Stored data
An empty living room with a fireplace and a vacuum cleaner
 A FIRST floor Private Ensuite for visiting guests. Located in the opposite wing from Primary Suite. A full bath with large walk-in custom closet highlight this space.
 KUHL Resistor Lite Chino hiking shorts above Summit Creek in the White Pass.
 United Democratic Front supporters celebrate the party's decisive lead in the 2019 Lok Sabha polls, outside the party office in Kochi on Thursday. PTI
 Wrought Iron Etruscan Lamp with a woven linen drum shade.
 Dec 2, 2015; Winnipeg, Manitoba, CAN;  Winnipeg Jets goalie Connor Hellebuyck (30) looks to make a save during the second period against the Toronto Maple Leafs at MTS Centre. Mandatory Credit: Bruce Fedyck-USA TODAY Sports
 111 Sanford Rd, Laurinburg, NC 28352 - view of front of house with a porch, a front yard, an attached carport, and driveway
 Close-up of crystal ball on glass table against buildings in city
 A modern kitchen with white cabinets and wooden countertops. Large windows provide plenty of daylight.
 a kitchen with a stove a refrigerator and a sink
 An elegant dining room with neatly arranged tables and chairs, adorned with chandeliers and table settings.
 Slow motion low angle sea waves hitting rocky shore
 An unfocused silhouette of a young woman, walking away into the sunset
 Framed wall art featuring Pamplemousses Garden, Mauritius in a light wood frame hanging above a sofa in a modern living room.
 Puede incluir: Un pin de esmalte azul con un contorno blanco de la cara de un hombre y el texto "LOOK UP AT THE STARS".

Work to be completed
Beginning with the line that contains "Framed wall art", repeat every line through the end of the records and nothing more.

Solution to this problem
 Framed wall art featuring Pamplemousses Garden, Mauritius in a light wood frame hanging above a sofa in a modern living room.
 Puede incluir: Un pin de esmalte azul con un contorno blanco de la cara de un hombre y el texto "LOOK UP AT THE STARS".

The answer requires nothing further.